Task prompt: Below are records; output all of them exactly.

[[ Input data open ]]

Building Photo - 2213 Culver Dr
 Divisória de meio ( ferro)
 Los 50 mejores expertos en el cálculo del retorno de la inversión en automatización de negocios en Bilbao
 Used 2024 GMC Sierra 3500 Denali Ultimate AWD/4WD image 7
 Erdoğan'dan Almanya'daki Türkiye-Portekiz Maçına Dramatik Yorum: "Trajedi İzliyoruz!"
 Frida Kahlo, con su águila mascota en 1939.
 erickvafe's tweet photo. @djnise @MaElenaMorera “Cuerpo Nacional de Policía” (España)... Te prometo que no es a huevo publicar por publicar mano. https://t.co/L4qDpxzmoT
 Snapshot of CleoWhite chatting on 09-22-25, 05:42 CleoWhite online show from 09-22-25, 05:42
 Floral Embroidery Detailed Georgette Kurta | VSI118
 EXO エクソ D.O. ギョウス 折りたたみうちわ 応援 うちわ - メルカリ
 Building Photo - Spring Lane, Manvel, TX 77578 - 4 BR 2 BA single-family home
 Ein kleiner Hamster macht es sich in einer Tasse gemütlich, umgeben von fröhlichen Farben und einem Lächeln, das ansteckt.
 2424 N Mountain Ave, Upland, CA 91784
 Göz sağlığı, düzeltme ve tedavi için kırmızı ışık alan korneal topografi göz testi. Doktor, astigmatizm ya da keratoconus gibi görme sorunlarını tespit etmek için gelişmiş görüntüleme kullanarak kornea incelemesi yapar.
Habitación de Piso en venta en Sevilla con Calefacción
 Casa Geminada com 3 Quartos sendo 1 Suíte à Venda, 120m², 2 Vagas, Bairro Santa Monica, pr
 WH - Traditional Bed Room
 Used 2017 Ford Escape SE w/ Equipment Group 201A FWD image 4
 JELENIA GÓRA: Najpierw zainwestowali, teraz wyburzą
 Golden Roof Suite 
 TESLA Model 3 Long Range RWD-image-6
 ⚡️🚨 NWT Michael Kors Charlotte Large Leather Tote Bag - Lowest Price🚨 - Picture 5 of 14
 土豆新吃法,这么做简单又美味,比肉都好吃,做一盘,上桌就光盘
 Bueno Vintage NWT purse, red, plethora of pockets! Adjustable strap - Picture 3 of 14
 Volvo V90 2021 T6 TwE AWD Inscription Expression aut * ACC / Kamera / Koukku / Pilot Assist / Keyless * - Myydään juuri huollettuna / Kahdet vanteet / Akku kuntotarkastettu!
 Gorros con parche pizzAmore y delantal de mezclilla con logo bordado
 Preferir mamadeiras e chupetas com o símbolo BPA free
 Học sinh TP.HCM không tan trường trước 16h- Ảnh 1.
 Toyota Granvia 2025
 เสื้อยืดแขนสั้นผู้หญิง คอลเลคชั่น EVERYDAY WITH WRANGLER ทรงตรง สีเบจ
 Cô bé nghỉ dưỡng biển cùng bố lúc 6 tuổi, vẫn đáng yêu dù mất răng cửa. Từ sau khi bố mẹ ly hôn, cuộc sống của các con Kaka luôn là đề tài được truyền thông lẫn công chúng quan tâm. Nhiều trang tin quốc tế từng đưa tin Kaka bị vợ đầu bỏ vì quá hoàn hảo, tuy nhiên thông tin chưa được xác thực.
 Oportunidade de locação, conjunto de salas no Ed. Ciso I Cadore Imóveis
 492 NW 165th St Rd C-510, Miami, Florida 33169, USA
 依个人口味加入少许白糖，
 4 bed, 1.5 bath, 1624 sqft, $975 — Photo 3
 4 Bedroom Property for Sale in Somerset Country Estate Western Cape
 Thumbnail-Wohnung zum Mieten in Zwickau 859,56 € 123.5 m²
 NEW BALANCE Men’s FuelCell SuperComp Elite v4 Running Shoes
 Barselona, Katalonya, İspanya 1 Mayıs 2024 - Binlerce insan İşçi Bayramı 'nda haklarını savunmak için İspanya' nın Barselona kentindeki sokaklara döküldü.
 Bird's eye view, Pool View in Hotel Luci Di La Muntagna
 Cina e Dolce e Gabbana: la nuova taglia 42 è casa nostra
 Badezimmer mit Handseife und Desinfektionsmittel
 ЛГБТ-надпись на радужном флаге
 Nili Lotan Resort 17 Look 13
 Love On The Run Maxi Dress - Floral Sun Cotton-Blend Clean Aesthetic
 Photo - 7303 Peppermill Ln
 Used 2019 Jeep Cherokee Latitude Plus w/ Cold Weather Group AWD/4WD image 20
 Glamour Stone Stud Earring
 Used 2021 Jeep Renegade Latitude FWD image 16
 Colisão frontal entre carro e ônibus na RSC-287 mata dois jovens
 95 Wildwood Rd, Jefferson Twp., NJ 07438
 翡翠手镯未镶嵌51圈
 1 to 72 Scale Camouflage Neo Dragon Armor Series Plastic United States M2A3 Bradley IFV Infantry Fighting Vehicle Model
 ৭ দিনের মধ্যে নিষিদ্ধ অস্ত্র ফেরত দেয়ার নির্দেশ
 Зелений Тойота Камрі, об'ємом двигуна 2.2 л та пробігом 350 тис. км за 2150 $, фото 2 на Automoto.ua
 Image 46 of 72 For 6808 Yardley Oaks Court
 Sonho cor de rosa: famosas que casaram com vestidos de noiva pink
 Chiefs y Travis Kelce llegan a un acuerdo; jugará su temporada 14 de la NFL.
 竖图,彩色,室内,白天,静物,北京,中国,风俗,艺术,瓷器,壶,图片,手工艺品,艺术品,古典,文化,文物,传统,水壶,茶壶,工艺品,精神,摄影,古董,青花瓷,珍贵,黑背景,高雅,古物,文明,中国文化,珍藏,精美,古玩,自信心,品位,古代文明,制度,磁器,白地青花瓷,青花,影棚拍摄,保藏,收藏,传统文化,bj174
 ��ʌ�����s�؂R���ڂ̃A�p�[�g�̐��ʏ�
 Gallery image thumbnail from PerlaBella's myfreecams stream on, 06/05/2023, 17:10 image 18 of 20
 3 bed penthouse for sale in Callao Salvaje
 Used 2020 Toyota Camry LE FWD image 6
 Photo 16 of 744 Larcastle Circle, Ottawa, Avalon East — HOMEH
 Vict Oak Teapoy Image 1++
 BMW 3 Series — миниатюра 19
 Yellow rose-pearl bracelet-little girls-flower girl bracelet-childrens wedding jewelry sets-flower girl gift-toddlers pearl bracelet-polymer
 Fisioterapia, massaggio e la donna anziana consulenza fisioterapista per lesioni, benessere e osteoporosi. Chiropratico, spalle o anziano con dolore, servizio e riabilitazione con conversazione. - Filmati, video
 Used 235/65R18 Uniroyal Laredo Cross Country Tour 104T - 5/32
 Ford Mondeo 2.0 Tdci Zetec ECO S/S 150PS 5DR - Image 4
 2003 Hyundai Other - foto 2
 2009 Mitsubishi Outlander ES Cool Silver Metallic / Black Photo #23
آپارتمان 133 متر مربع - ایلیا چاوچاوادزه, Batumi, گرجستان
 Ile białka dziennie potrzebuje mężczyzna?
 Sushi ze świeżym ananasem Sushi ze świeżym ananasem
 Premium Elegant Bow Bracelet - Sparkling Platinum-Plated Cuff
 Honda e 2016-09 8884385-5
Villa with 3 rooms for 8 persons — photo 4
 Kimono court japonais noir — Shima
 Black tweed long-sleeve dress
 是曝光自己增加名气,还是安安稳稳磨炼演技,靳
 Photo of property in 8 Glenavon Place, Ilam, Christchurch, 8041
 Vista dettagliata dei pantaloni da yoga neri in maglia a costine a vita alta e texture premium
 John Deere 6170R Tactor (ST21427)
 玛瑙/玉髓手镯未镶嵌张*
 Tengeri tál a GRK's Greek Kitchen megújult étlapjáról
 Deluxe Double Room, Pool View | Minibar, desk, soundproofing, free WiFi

[[ Input data closed ]]

Result:
Building Photo - 2213 Culver Dr
 Divisória de meio ( ferro)
 Los 50 mejores expertos en el cálculo del retorno de la inversión en automatización de negocios en Bilbao
 Used 2024 GMC Sierra 3500 Denali Ultimate AWD/4WD image 7
 Erdoğan'dan Almanya'daki Türkiye-Portekiz Maçına Dramatik Yorum: "Trajedi İzliyoruz!"
 Frida Kahlo, con su águila mascota en 1939.
 erickvafe's tweet photo. @djnise @MaElenaMorera “Cuerpo Nacional de Policía” (España)... Te prometo que no es a huevo publicar por publicar mano. https://t.co/L4qDpxzmoT
 Snapshot of CleoWhite chatting on 09-22-25, 05:42 CleoWhite online show from 09-22-25, 05:42
 Floral Embroidery Detailed Georgette Kurta | VSI118
 EXO エクソ D.O. ギョウス 折りたたみうちわ 応援 うちわ - メルカリ
 Building Photo - Spring Lane, Manvel, TX 77578 - 4 BR 2 BA single-family home
 Ein kleiner Hamster macht es sich in einer Tasse gemütlich, umgeben von fröhlichen Farben und einem Lächeln, das ansteckt.
 2424 N Mountain Ave, Upland, CA 91784
 Göz sağlığı, düzeltme ve tedavi için kırmızı ışık alan korneal topografi göz testi. Doktor, astigmatizm ya da keratoconus gibi görme sorunlarını tespit etmek için gelişmiş görüntüleme kullanarak kornea incelemesi yapar.
Habitación de Piso en venta en Sevilla con Calefacción
 Casa Geminada com 3 Quartos sendo 1 Suíte à Venda, 120m², 2 Vagas, Bairro Santa Monica, pr
 WH - Traditional Bed Room
 Used 2017 Ford Escape SE w/ Equipment Group 201A FWD image 4
 JELENIA GÓRA: Najpierw zainwestowali, teraz wyburzą
 Golden Roof Suite 
 TESLA Model 3 Long Range RWD-image-6
 ⚡️🚨 NWT Michael Kors Charlotte Large Leather Tote Bag - Lowest Price🚨 - Picture 5 of 14
 土豆新吃法,这么做简单又美味,比肉都好吃,做一盘,上桌就光盘
 Bueno Vintage NWT purse, red, plethora of pockets! Adjustable strap - Picture 3 of 14
 Volvo V90 2021 T6 TwE AWD Inscription Expression aut * ACC / Kamera / Koukku / Pilot Assist / Keyless * - Myydään juuri huollettuna / Kahdet vanteet / Akku kuntotarkastettu!
 Gorros con parche pizzAmore y delantal de mezclilla con logo bordado
 Preferir mamadeiras e chupetas com o símbolo BPA free
 Học sinh TP.HCM không tan trường trước 16h- Ảnh 1.
 Toyota Granvia 2025
 เสื้อยืดแขนสั้นผู้หญิง คอลเลคชั่น EVERYDAY WITH WRANGLER ทรงตรง สีเบจ
 Cô bé nghỉ dưỡng biển cùng bố lúc 6 tuổi, vẫn đáng yêu dù mất răng cửa. Từ sau khi bố mẹ ly hôn, cuộc sống của các con Kaka luôn là đề tài được truyền thông lẫn công chúng quan tâm. Nhiều trang tin quốc tế từng đưa tin Kaka bị vợ đầu bỏ vì quá hoàn hảo, tuy nhiên thông tin chưa được xác thực.
 Oportunidade de locação, conjunto de salas no Ed. Ciso I Cadore Imóveis
 492 NW 165th St Rd C-510, Miami, Florida 33169, USA
 依个人口味加入少许白糖，
 4 bed, 1.5 bath, 1624 sqft, $975 — Photo 3
 4 Bedroom Property for Sale in Somerset Country Estate Western Cape
 Thumbnail-Wohnung zum Mieten in Zwickau 859,56 € 123.5 m²
 NEW BALANCE Men’s FuelCell SuperComp Elite v4 Running Shoes
 Barselona, Katalonya, İspanya 1 Mayıs 2024 - Binlerce insan İşçi Bayramı 'nda haklarını savunmak için İspanya' nın Barselona kentindeki sokaklara döküldü.
 Bird's eye view, Pool View in Hotel Luci Di La Muntagna
 Cina e Dolce e Gabbana: la nuova taglia 42 è casa nostra
 Badezimmer mit Handseife und Desinfektionsmittel
 ЛГБТ-надпись на радужном флаге
 Nili Lotan Resort 17 Look 13
 Love On The Run Maxi Dress - Floral Sun Cotton-Blend Clean Aesthetic
 Photo - 7303 Peppermill Ln
 Used 2019 Jeep Cherokee Latitude Plus w/ Cold Weather Group AWD/4WD image 20
 Glamour Stone Stud Earring
 Used 2021 Jeep Renegade Latitude FWD image 16
 Colisão frontal entre carro e ônibus na RSC-287 mata dois jovens
 95 Wildwood Rd, Jefferson Twp., NJ 07438
 翡翠手镯未镶嵌51圈
 1 to 72 Scale Camouflage Neo Dragon Armor Series Plastic United States M2A3 Bradley IFV Infantry Fighting Vehicle Model
 ৭ দিনের মধ্যে নিষিদ্ধ অস্ত্র ফেরত দেয়ার নির্দেশ
 Зелений Тойота Камрі, об'ємом двигуна 2.2 л та пробігом 350 тис. км за 2150 $, фото 2 на Automoto.ua
 Image 46 of 72 For 6808 Yardley Oaks Court
 Sonho cor de rosa: famosas que casaram com vestidos de noiva pink
 Chiefs y Travis Kelce llegan a un acuerdo; jugará su temporada 14 de la NFL.
 竖图,彩色,室内,白天,静物,北京,中国,风俗,艺术,瓷器,壶,图片,手工艺品,艺术品,古典,文化,文物,传统,水壶,茶壶,工艺品,精神,摄影,古董,青花瓷,珍贵,黑背景,高雅,古物,文明,中国文化,珍藏,精美,古玩,自信心,品位,古代文明,制度,磁器,白地青花瓷,青花,影棚拍摄,保藏,收藏,传统文化,bj174
 ��ʌ�����s�؂R���ڂ̃A�p�[�g�̐��ʏ�
 Gallery image thumbnail from PerlaBella's myfreecams stream on, 06/05/2023, 17:10 image 18 of 20
 3 bed penthouse for sale in Callao Salvaje
 Used 2020 Toyota Camry LE FWD image 6
 Photo 16 of 744 Larcastle Circle, Ottawa, Avalon East — HOMEH
 Vict Oak Teapoy Image 1++
 BMW 3 Series — миниатюра 19
 Yellow rose-pearl bracelet-little girls-flower girl bracelet-childrens wedding jewelry sets-flower girl gift-toddlers pearl bracelet-polymer
 Fisioterapia, massaggio e la donna anziana consulenza fisioterapista per lesioni, benessere e osteoporosi. Chiropratico, spalle o anziano con dolore, servizio e riabilitazione con conversazione. - Filmati, video
 Used 235/65R18 Uniroyal Laredo Cross Country Tour 104T - 5/32
 Ford Mondeo 2.0 Tdci Zetec ECO S/S 150PS 5DR - Image 4
 2003 Hyundai Other - foto 2
 2009 Mitsubishi Outlander ES Cool Silver Metallic / Black Photo #23
آپارتمان 133 متر مربع - ایلیا چاوچاوادزه, Batumi, گرجستان
 Ile białka dziennie potrzebuje mężczyzna?
 Sushi ze świeżym ananasem Sushi ze świeżym ananasem
 Premium Elegant Bow Bracelet - Sparkling Platinum-Plated Cuff
 Honda e 2016-09 8884385-5
Villa with 3 rooms for 8 persons — photo 4
 Kimono court japonais noir — Shima
 Black tweed long-sleeve dress
 是曝光自己增加名气,还是安安稳稳磨炼演技,靳
 Photo of property in 8 Glenavon Place, Ilam, Christchurch, 8041
 Vista dettagliata dei pantaloni da yoga neri in maglia a costine a vita alta e texture premium
 John Deere 6170R Tactor (ST21427)
 玛瑙/玉髓手镯未镶嵌张*
 Tengeri tál a GRK's Greek Kitchen megújult étlapjáról
 Deluxe Double Room, Pool View | Minibar, desk, soundproofing, free WiFi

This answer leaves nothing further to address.